Broken Relationships Abound

  Everyday I encounter brokenness. Very few days pass that I do not hear at least one story of a relationship that is torn apart by conflict. Sometimes it is about a spouse that has left a person they once loved. Occasionally I hear about longtime friendships unraveling. And then there are situations where someone is conflicted with the church collectively. Stories of brokenness are sad. There is generally significant collateral damage done when two people cannot resolve their differences.

As I prepare to preach this Sunday on the topic of reconciliation, I am aware of two important facts going into that engagement. I can be assured that I am speaking to broken people. I will be addressing those who are estranged from those they once loved. I will also be speaking to people who are may not be all that eager to initiate any kind of reconciliation with the person whom they are conflicted with. Those are just a couple of reality checks I need to consider between now and Sunday! I have been asking myself an important question, as I deal with those two realties.

Why is the process of reconciliation so difficult? I don’t have the final answer for that question. When I formulate an all encompassing response, I will write a book and share my wealth with all of my friends. In the meantime, I will venture a few guesses. Here they are:

1. Reconciliation is especially difficult when we feel that our character has been unduly damaged during a conflict. A person can criticize any facet of my professional conduct and I will take it stride. They can tell me they don’t like my speaking style or they don’t care for my approach on a particular subject. That is no big deal. But if a person questions my honesty or some other aspect of personal integrity, the conflict just notched up to another level. It makes reconciliation much harder.

2. Reconciliation is especially difficult when our children are unfairly criticized. You can call me all kinds of names and I will overlook the insult. I am really pretty easy going, but if you attack my children in a way that is inappropriate I get very hostile in a matter of seconds.

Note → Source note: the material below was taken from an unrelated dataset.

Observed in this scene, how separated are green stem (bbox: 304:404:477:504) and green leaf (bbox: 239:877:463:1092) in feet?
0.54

I think most of us are like this when it comes to our kids. God created us with protective instincts.

3. Reconciliation is especially difficult when trust has been breached. I am very slow to trust people. I am cautious to say the least. I find reconciliation to be hard when trust is breached.

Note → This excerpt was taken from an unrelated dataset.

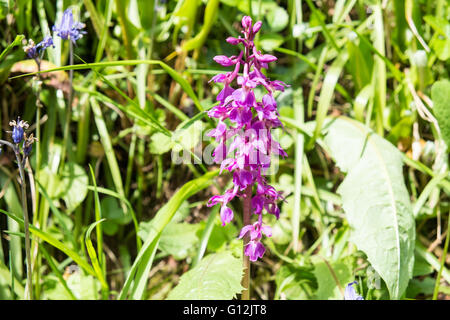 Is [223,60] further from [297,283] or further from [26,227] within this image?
[297,283]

4. Reconciliation is especially difficult when feelings have been hurt. What hurts my feelings is probably not would hurt your feelings. We are all different in this regard, but when we get damaged in this way it is easy to become irrational. It is hard to experience reconciliation when rational thinking is not carrying the day.

Is it hopeless? Will brokenness dominate our lives? I don’t think that has to be the case. But I do think that if we are aware of factors that make reconciliation more difficult, it is helpful. These factors should be viewed as mountains to climb and not deal killers. I actually think just blindly accepting broken relationships is very foolish. More on that tomorrow…

2 thoughts on “Broken Relationships Abound

  1. I think another issue is fear of rejection. If you are the one who makes the first move toward reconciliation, you may be rejected, hurt or insulted, or all of the above.